[PROBLEM TO SOLVE]
After locating the line that holds "House Panorama - One", transcribe it and each following line to the end of the records, changing nothing and adding nothing.

[INPUT FOR THIS TASK]
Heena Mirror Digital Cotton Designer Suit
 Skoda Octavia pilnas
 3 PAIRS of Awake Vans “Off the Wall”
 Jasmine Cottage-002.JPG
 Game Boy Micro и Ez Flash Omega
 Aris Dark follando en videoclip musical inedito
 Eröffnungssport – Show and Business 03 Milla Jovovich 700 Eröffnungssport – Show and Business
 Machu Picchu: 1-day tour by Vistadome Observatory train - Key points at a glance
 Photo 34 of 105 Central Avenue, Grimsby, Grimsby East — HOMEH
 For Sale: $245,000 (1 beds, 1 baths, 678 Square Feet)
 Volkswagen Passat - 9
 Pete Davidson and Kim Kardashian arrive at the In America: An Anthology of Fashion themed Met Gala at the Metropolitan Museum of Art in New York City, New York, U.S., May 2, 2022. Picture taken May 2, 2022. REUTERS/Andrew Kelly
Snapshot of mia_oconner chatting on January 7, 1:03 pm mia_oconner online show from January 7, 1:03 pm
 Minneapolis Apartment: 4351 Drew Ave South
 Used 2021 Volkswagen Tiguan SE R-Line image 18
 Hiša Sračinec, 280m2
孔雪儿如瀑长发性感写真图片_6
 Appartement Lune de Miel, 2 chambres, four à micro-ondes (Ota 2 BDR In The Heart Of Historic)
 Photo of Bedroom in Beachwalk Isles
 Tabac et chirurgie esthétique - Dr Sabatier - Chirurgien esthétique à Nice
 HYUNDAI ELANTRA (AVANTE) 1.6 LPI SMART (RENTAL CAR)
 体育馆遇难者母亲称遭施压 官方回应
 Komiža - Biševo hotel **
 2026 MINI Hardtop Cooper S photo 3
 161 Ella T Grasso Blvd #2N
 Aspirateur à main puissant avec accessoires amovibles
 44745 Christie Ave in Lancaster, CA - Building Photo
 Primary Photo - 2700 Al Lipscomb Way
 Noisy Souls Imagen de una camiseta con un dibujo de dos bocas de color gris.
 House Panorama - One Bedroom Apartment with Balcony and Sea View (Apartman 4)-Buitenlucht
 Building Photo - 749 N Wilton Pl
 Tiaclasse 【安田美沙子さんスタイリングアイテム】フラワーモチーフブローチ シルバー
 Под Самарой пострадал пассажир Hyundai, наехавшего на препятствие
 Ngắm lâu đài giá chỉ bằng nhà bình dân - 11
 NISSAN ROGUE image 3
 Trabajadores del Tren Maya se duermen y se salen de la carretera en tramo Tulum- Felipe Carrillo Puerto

[FINISHED EXERCISE]
 House Panorama - One Bedroom Apartment with Balcony and Sea View (Apartman 4)-Buitenlucht
 Building Photo - 749 N Wilton Pl
 Tiaclasse 【安田美沙子さんスタイリングアイテム】フラワーモチーフブローチ シルバー
 Под Самарой пострадал пассажир Hyundai, наехавшего на препятствие
 Ngắm lâu đài giá chỉ bằng nhà bình dân - 11
 NISSAN ROGUE image 3
 Trabajadores del Tren Maya se duermen y se salen de la carretera en tramo Tulum- Felipe Carrillo Puerto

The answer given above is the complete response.